RSL finished their season with ten players on the field, out of luck and out of gas. Ochoa needed to make a diving save to deny what would have been a roof-raising third goal from a Diego Valeri free kick in stoppage time, and with Alan Kelly’s whistle several minutes later, the Timbers clinched the Western Conference title for the third time in seven years.

If there were any question marks about the state of the Timbers heading into this game, they were answered emphatically. They played like a big team. It didn’t matter which players were and weren’t available—and there can be no greater compliment to a coaching staff or a group of players.

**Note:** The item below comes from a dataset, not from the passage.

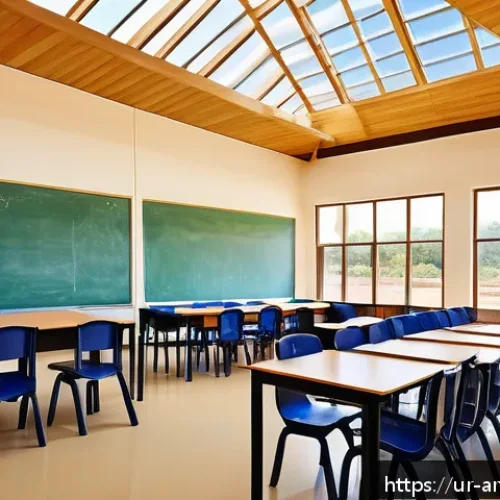 Home 30 학교 건축의 새로운 패러다임 - A modern educational building designed with large windows and transparent roof panels allowing abund...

To Zuparic and Larrys Mabiala, who hardly put a foot wrong in central defense all night. To Clark, who improbably will get a second shot at MLS Cup with the team he unforgettably lost his first chance to six years ago. To Diego Chará, who was sensational in the middle of the field. Certainly to all of the role players who looked like they’d played in this game a hundred times over, and to Giovani Savarese, who has once again dialed up an extraordinary cup run.

The magic is real. MLS Cup in Portland. Next Saturday.